Site-wide linking: So, a blogger of renown offers to put your link into his sidebar. Should you allow that to happen? Well, it depends… Will it make you more money? If the answer is, “No,” ask for a single link back instead. Sitewide links, or links on every page of another website are not helpful. It’s OK to have this happen on one site or so, but if the majority of your links are sitewide, Google will be giving you the stink eye.
Cookie-Cutter Anchor Text: Anchor text is nothing more than a keyword phrase that has been hyperlinked. Sometimes, it will be your URL. Other times, the name of your business or even just works like “click here” or “More.” If all of your anchor text is the same, it’s another yellow flag for search engines. People do not naturally all link to you in the same way, and so your anchor text should vary.
Just High Link Authority: If all of your links are coming from high-authority sites, that’s another yellow flag, and it probably means you’re paying for them. The authority of your links should be pages that rank from 0 to as high as you can get, and the distribution should appear to be natural.
Follow vs. No Follow: I’m working on creating a bunch of no-follow links for one of my clients to balance the site’s “do follow” links out. Too many in one direction or the other will make spiders raise one eyebrow.
One way to build links that is still OK with everyone is by making cogent, interesting comments on other blogs or websites. Most of the blogs you find in your niche are probably no follow. (meaning that spiders don’t follow the link to your website and supposedly give you no link juice, which I tend to dis-believe.) Yet, there are some blog owners who are still willing to share the love. Unless you have an unnatural distribution of “do follow” links, find blogs like that, and become part of the blog’s community.
And getting cool backlinks on high authority sites is awesome, too.

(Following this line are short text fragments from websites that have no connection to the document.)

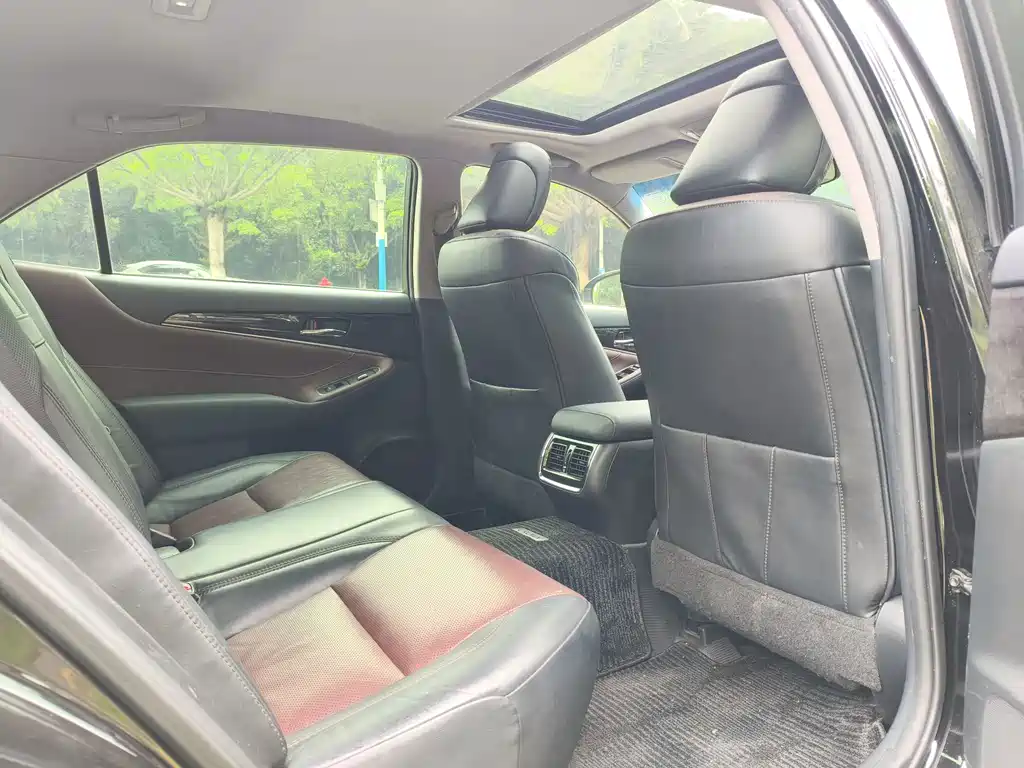 Toyota Crown — фото 14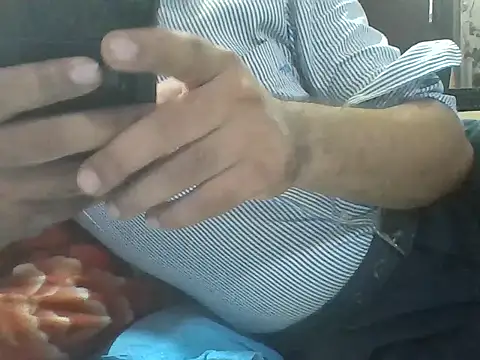 Snapshot of aarav_013 chatting on 09-27-25, 06:14 aarav 013 online show from 09-27-25, 06:14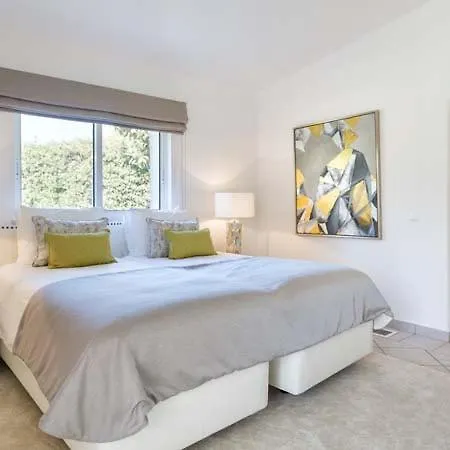 Sleeps 8 Pool Air Con T608003 *
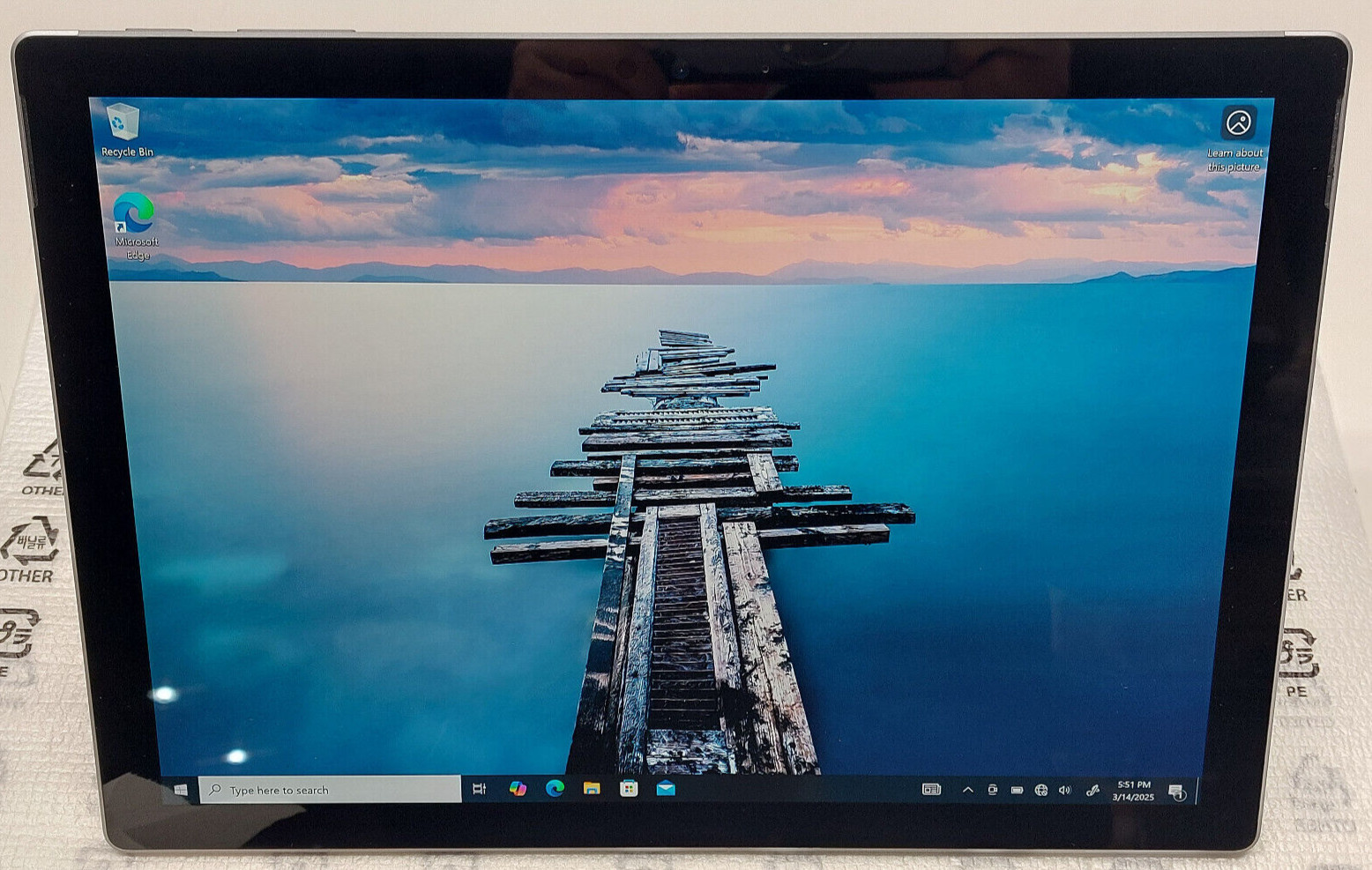 Microsoft Surface Pro 6 1796 i5-8350U 1.7GHz 128GB 8GB RAM w/ 127W Power Adapter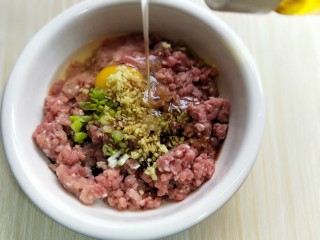 7、芹菜猪肉水饺,加入食用油。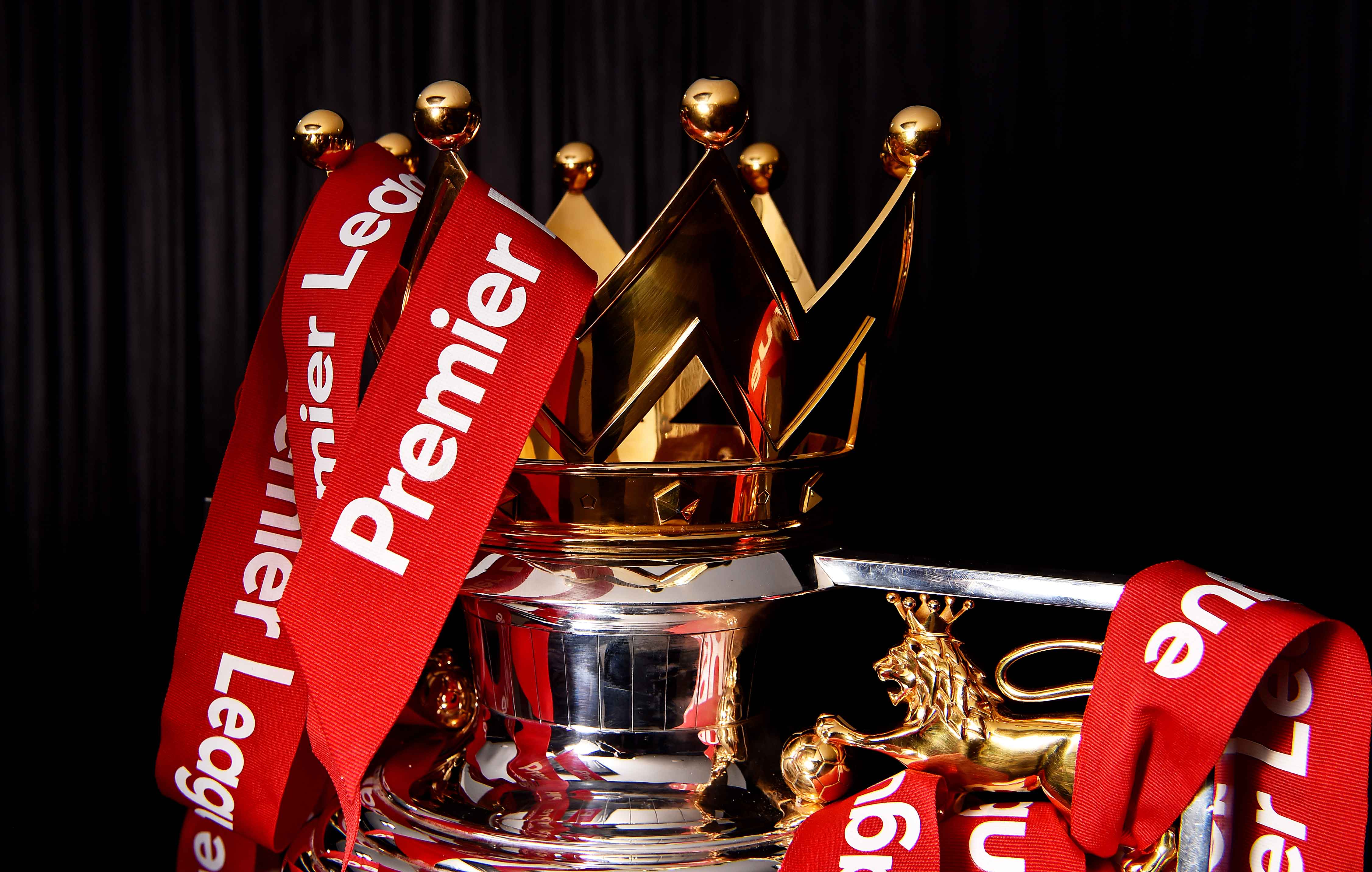 转会市场的 转会市场的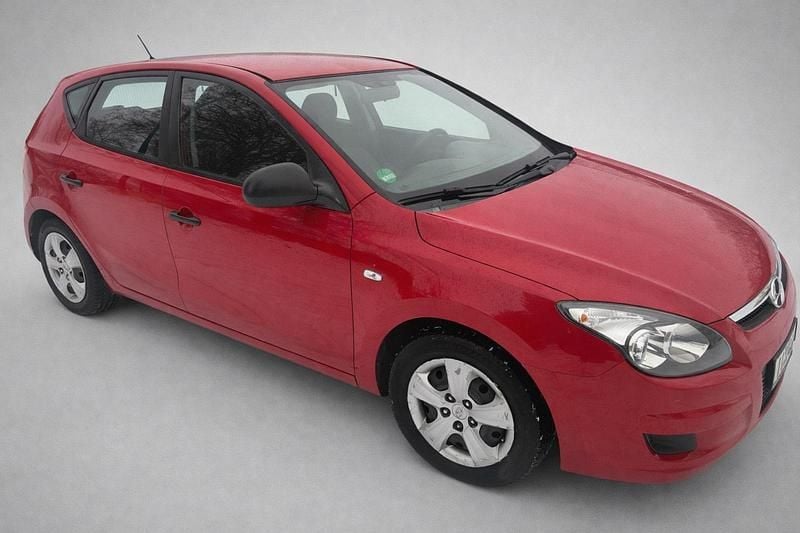 Gebraucht Hyundai i30 109 PS (80 kW) 2010 Rot Limousine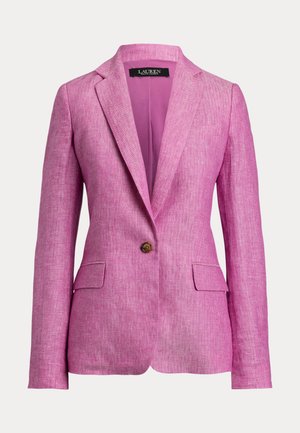 Blazer rose en tissu texturé, avec fermeture à un bouton, revers crantés et deux poches avant. Doublure intérieure.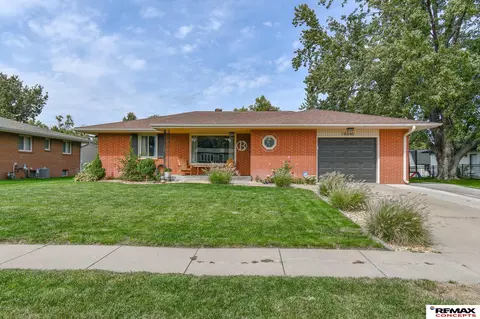 14540 Eastbourne St, Waverly, NE 68462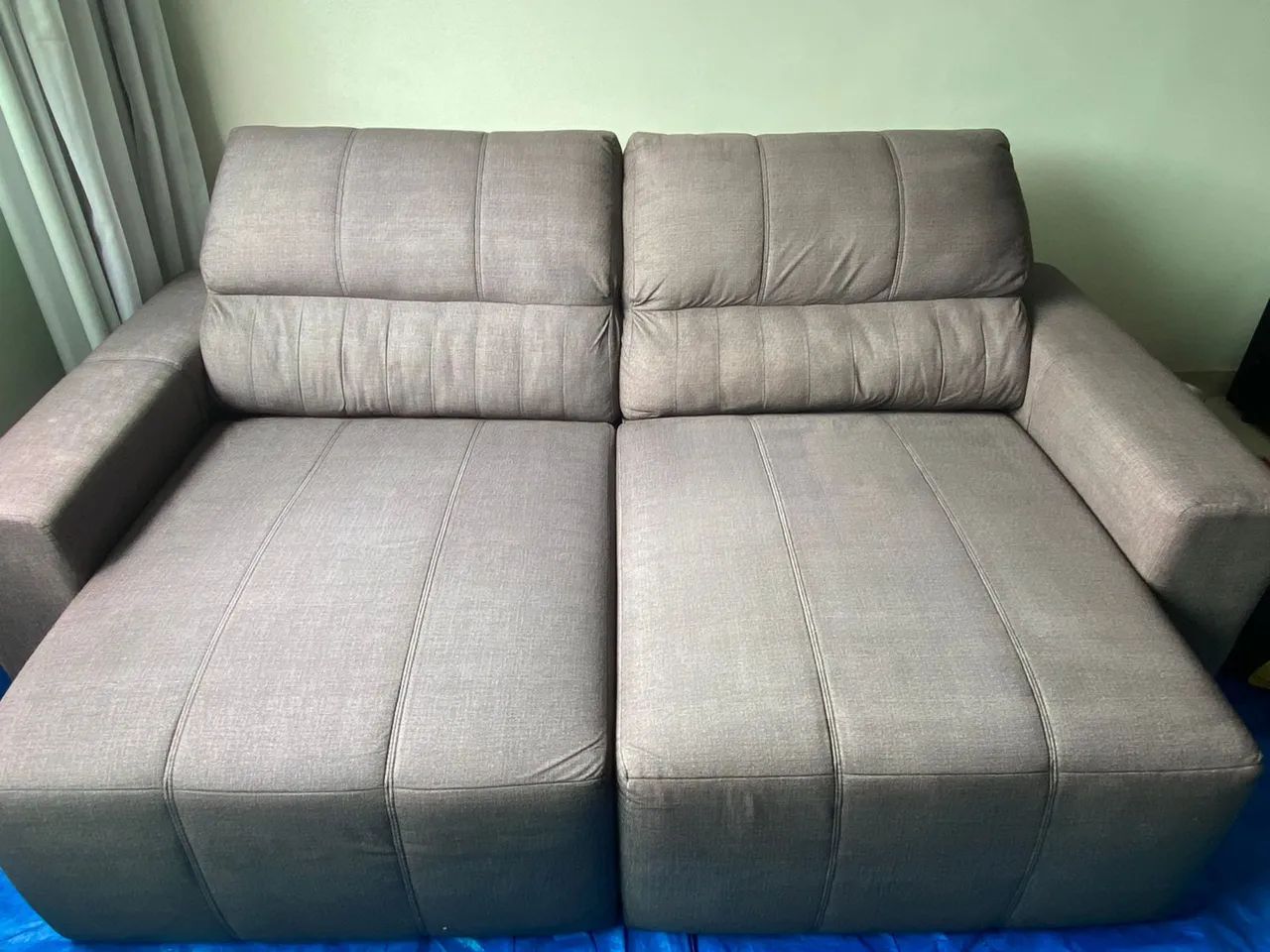 Sofá retrátil cinza - Foto 3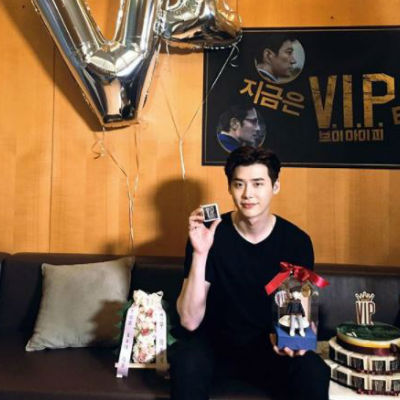 [SBS Star] Lee Jong-suk Might Not be Able to Hold His Annual Fan Meeting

You can write for other blogs in your niche or for sites that are well-renowned, like Technorati, for example. They’re always looking for content, but you need to be a good writer for them to approve you, too.
Yet, I get requests from guest posters every week. Some I’ll take, while others I won’t. It just depends on whether their material fits my blog’s “voice” and style. And when it does, I’m happy. It keeps content coming for my readers and I don’t have to provide any of the work. And if I take articles, lots of other blog owners will, too. Just be sure that the blogs you’re posting to are worth it. If you add content to a site that’s not so hot, your link will be worthless anyway. Why bother?